A: Maximum likelihood phylogeny of all S. Enteritidis isolates included in the study, annotated with invasiveness ranking and clade (note: Outlier refers to the distinct sister clade of the global epidemic strains identified by [48], while Other refers to strains that don’t belong to a named clade). B: Invasiveness indices for African and non-African clades of Salmonella. Lower and upper boundaries of the boxplots correspond to the 25th and 75th quantiles. C: The proportion of isolates from each tested dataset carrying a hypothetically attenuated coding sequence (HAC, defined by a DeltaBS>3 relative to the reference serovar). Genes are ordered by the amount of degradation observed in African clades. African strains are shown in the positive y-axis in darker grey, global strains are shown in the negative y-axis in lighter grey.

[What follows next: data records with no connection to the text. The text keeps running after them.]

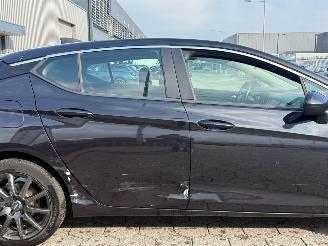 Opel Astra 1.0 Edition picture 10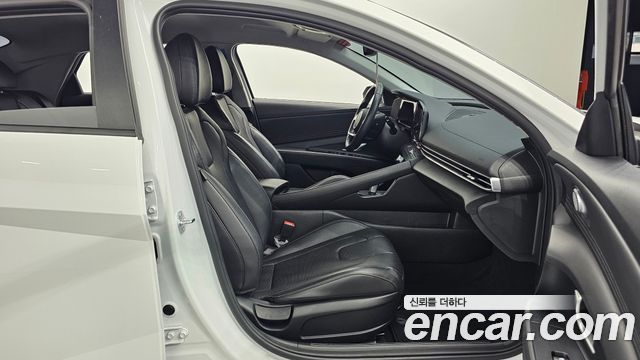 Hyundai AVANTE 2026 — photo 11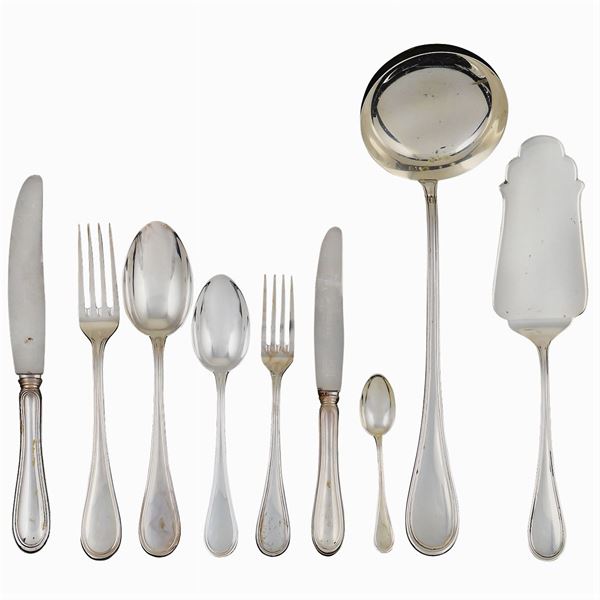 A silver cutlery service (68)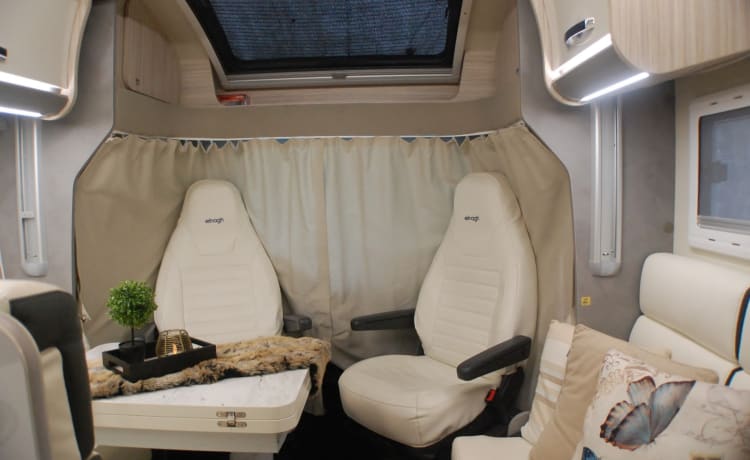 NU NIEUW IN DE VERHUUR – > Almost new, Luxury, Complete, Camper for 2-4p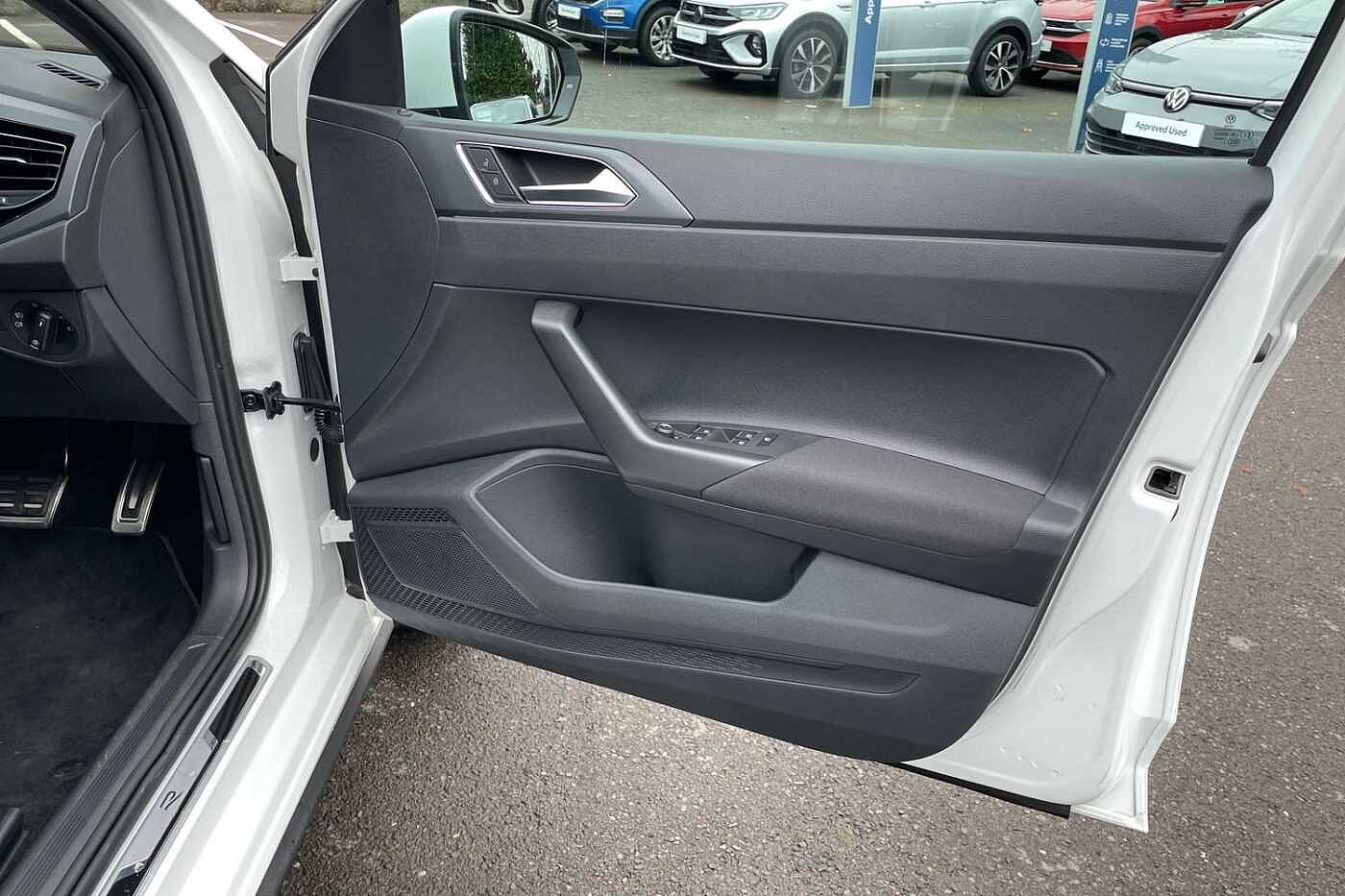 Used Volkswagen Polo 2024 for sale - 77005879: Photo 14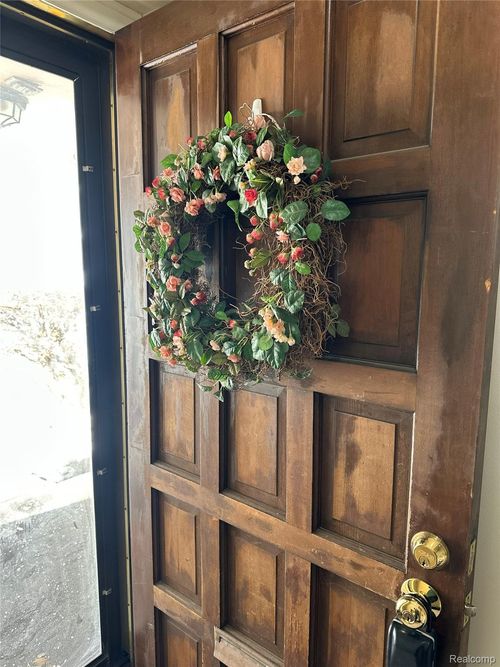 39-18059 University Park Dr, Livonia, MI, 48152-3928 | Card Image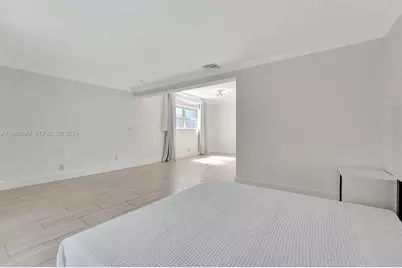 701 NE 8th St, Pompano Beach, FL 33060 - Photo 12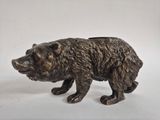une image représentant une statue d'ours sur fond blanc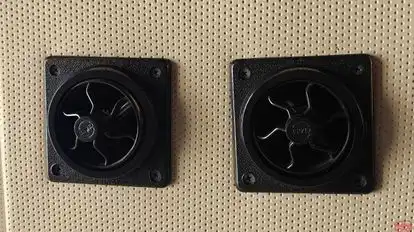 Hindusthan Travels Bus-Amenities Image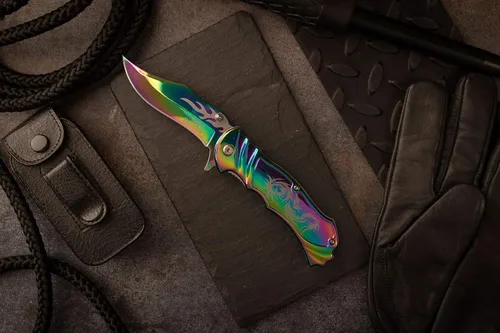 Vista 4 de MASTER USA Masters Collection MC-A003RB Fantasy Spring Assist - Cuchillo plegable, hoja de arcoíris, mango arcoíris, 4.5 pulgadas cerrado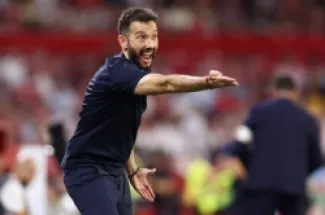كوربيران مدرب فالنسيا حصد نقطة وحيدة من 5 مباريات بالليغا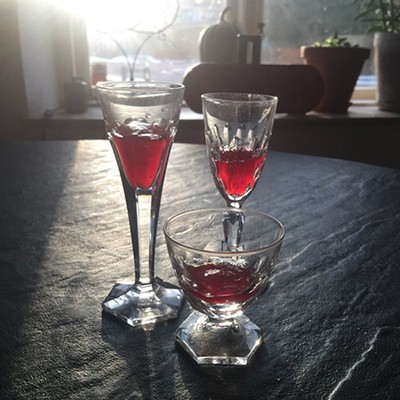 Рюмка на высокой ножке хрусталь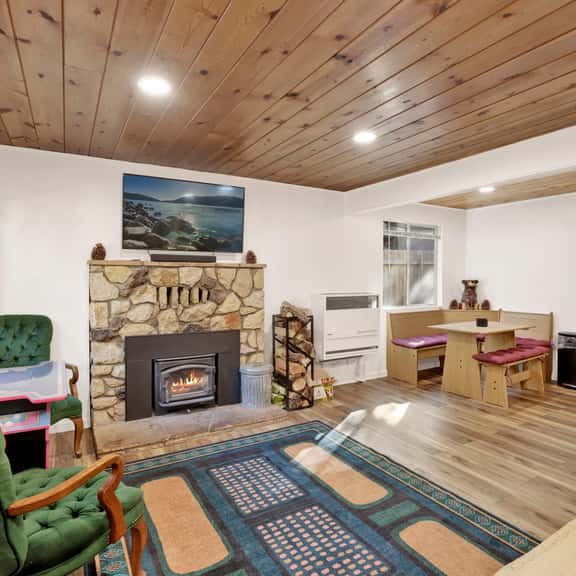 2492-Highland Oaks Retreat - Image 1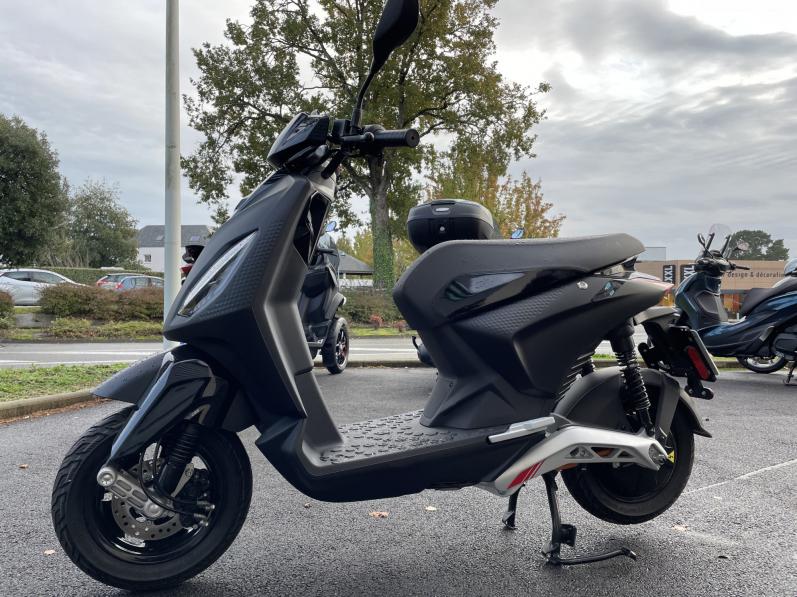 PIAGGIO 1 ACTIVE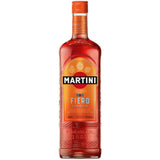 Eine 0,75-Liter-Flasche Martini Fiero (14,4 % Vol.) von Martini mit dem charakteristischen orangefarbenen Etikett und Verschluss wird vor einem weißen Hintergrund präsentiert, um das einzigartige Blutorangenaroma hervorzuheben, das diesen Wermut auszeichnet.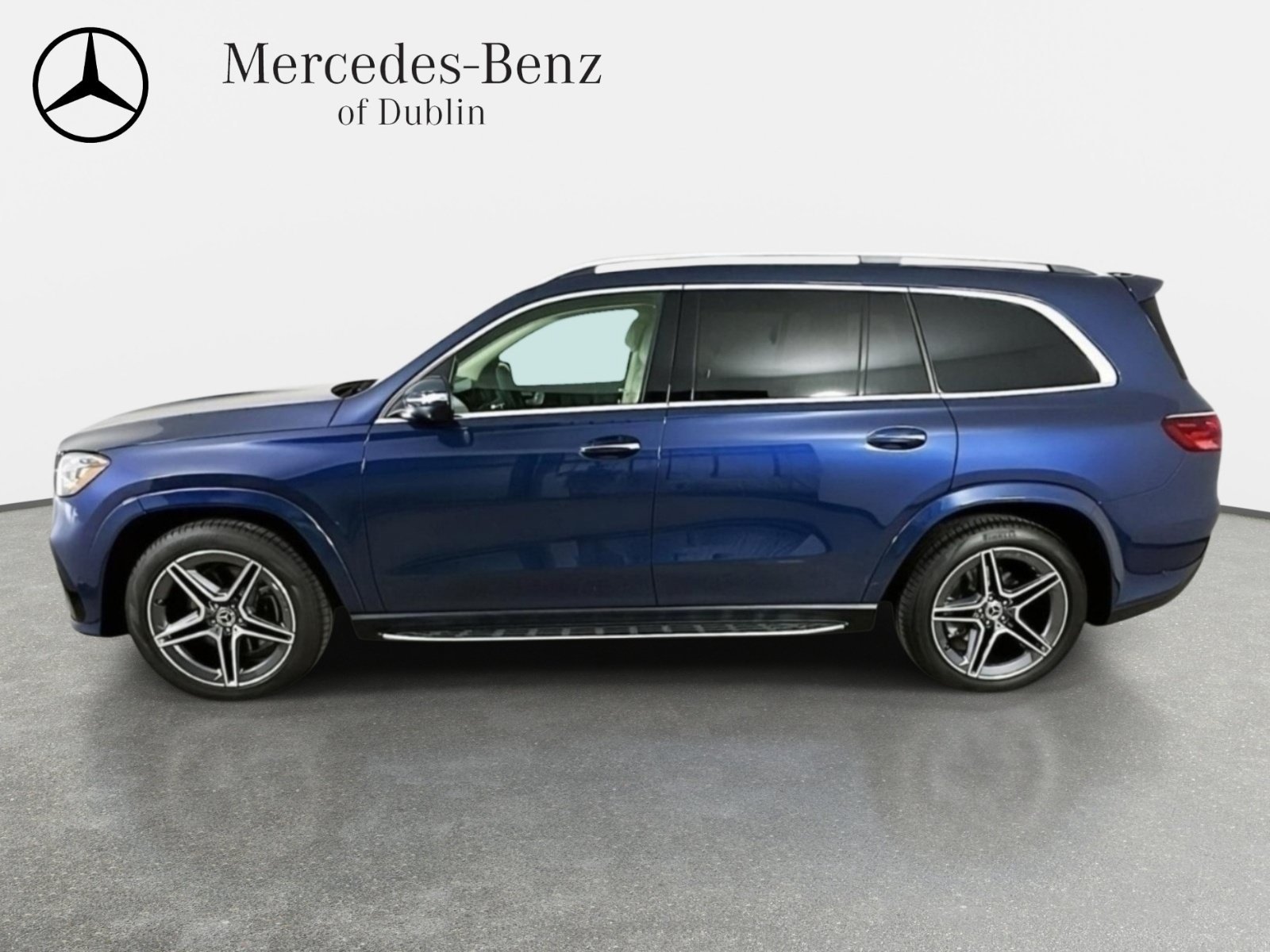 Certified 2026 Mercedes-Benz GLS 450 4MATIC image 4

Fig 4. Invasiveness indices and DeltaBS (DBS) values for isolates collected during long term invasive infection of an immunocompromised patient provide evidence for parallel adaptation.

Black points show the increase in the invasiveness index over time. Boxplots show a significant shift in DBS distribution over the duration of carriage for genes selected by our model built from well-characterised invasive serovars as compared to the rest of the proteome. Isolates from [10]. DBS distributions for 2001 have been pooled, but are representative for all three isolates individually. The y-axis for DBS values has been truncated for better visualisation.